A PRIEST who offers the traditional Latin Mass soon becomes very familiar with the Propers for the Feast of the Sacred Heart of Jesus. The feast itself falls on the Friday after the Octave of Corpus Christi, but the Missal prescribes the same texts for the Votive Mass of the Sacred Heart which is offered on First Fridays.
In the Postcommunion, the following phrase appears:
… having tasted the sweetness of Thy most dear Heart, may we learn to despise earthly things and love those of heaven.
The phrase in bold, “to despise earthly things” (terrena despicere), is one that recurs frequently in the orations that the old Missal prescribes for various feasts and observances throughout the liturgical year.
The expression reflects the teaching that there will always be a conflict between the Christian and the world. It is founded in Scripture (“Whosoever, therefore, will be the friend of the world,” says St. James, “becometh an enemy of God”) and echoed in the writings of countless theologians, ascetics and saints throughout the ages. The traditional liturgy, therefore, points to this disdain for earthly things as something singularly virtuous.
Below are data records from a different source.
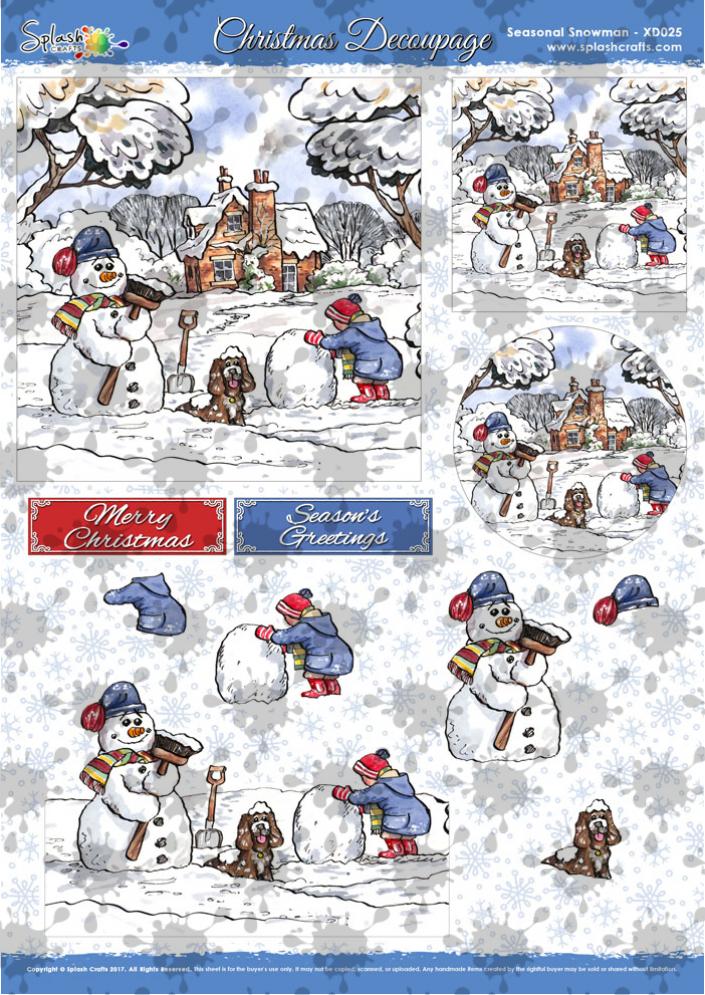 A4 Christmas Decoupage - Seasonal Snowman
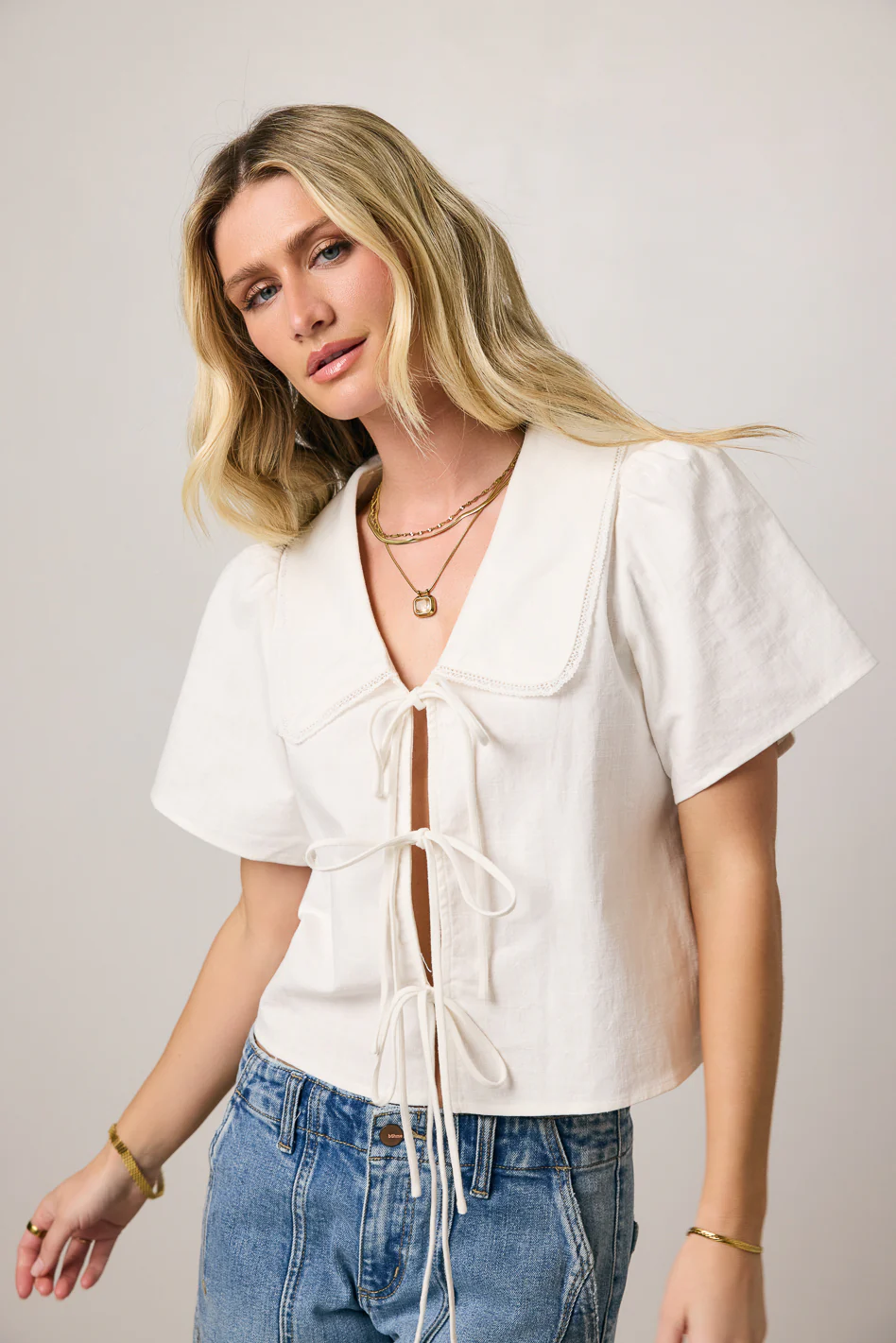 Ethan Tie Front Blouse in White - FINAL SALE - Image 8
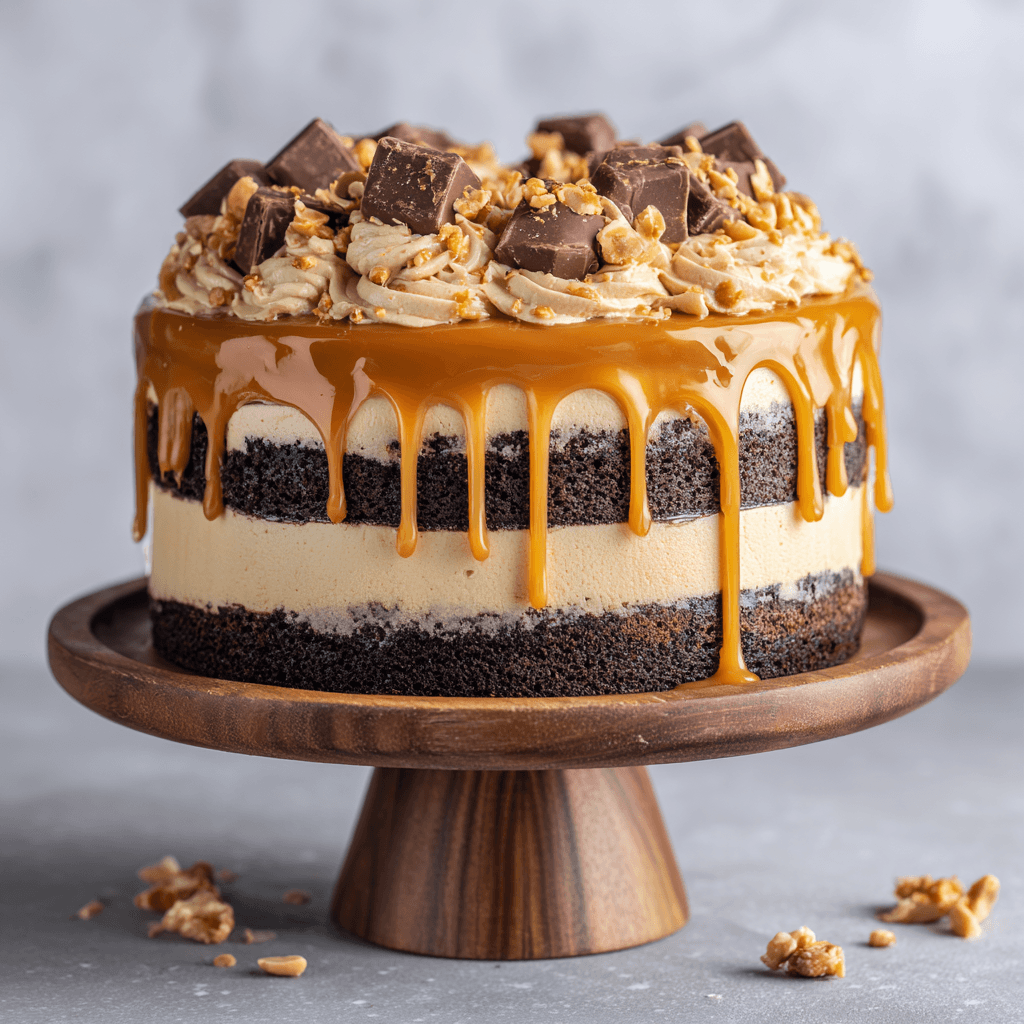 Chocolate Caramel Cake: The Ultimate Decadent Dessert 3 u7568358879 Whole chocolate caramel cake on a wooden cake sta 305ed799 5600 493d 9480 c9aa2ae45276 0 - Chocolate Caramel Cake: The Ultimate Decadent Dessert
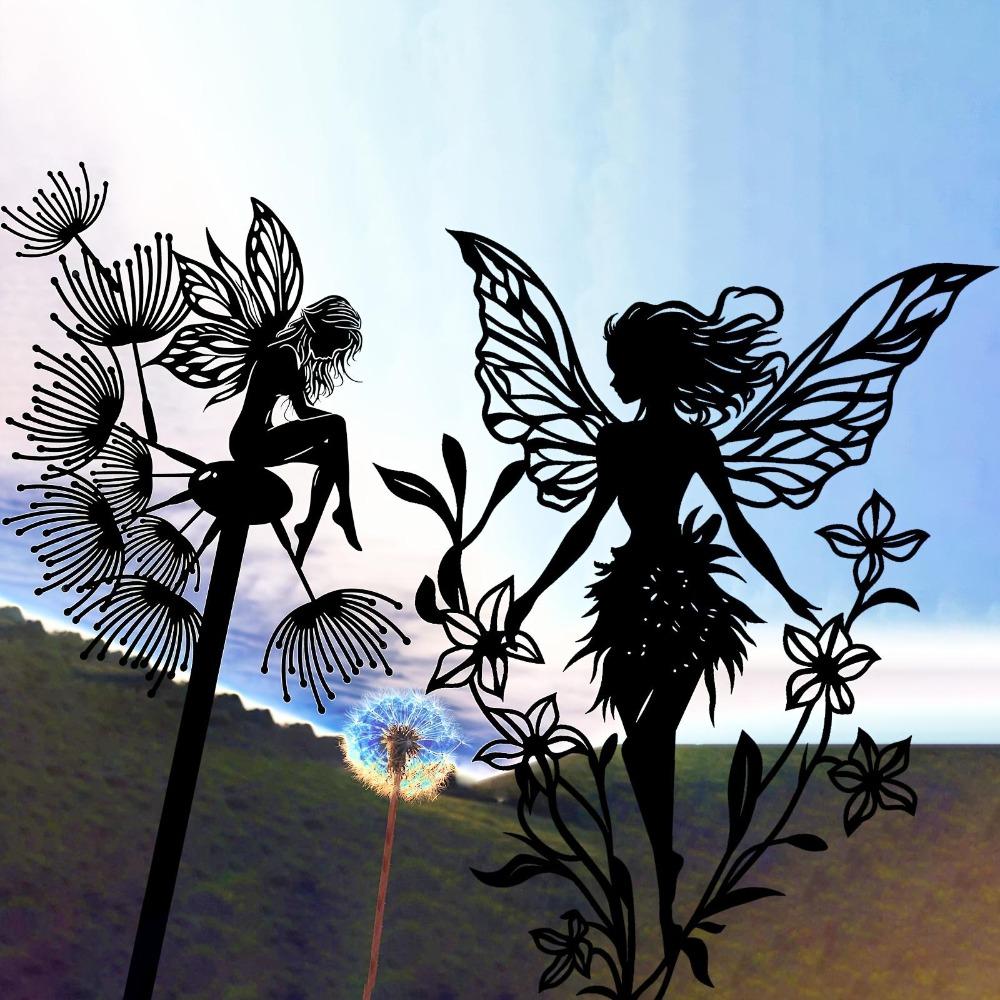 Iron Nature Elf Wall Sculpture Fairy Dandelion Sprite Metal Art Garden Decor Home Accent Holiday Gift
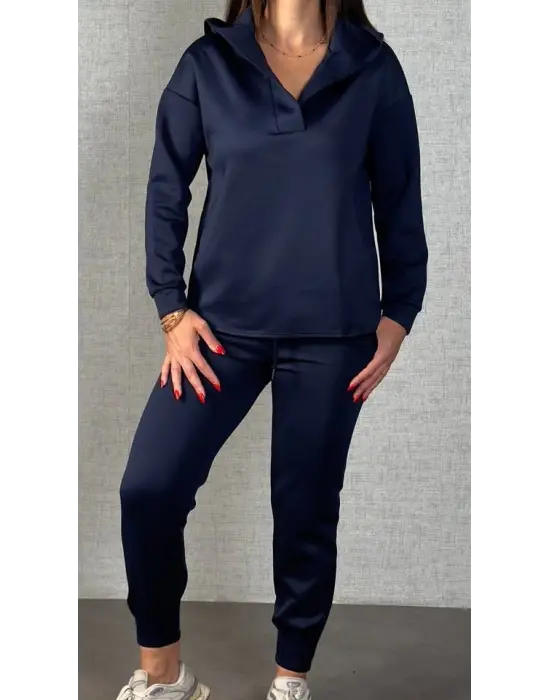 Kadın Uzun Kollu Kapüşonlu Ikili Takım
Not so the new liturgy. The Missal of Paul VI excised this idea not only from the Mass of the Sacred Heart, but also from the many other prayers in the Missal where it formerly appeared, for example, from orations for the Second Sunday of Advent, and for the feasts of St. Peter Damian, St. Cajetan, St. Angela Merici, St. Casimir, St. Paulinus of Nola, St. Francis of Assisi, St. Hedwig, and St. Henry. (See Work of Human Hands, 231–4.)
The creators of the New Mass said that this change in the “doctrinal reality” that the prayers expressed reflected “the new view of human values” proposed by Vatican II (WHH, 223), and was “dictated by the new theology.” (WHH, 300)
Those of us who endured the post-Vatican II liturgical revolution recall the assurances that the liturgical changes in fact represented a “return to the sources” (ressourcement) or a restoration of the spirit of the early Church. So, did the reformers then “restore” prayers from older liturgical sources that were more “positive” about the world?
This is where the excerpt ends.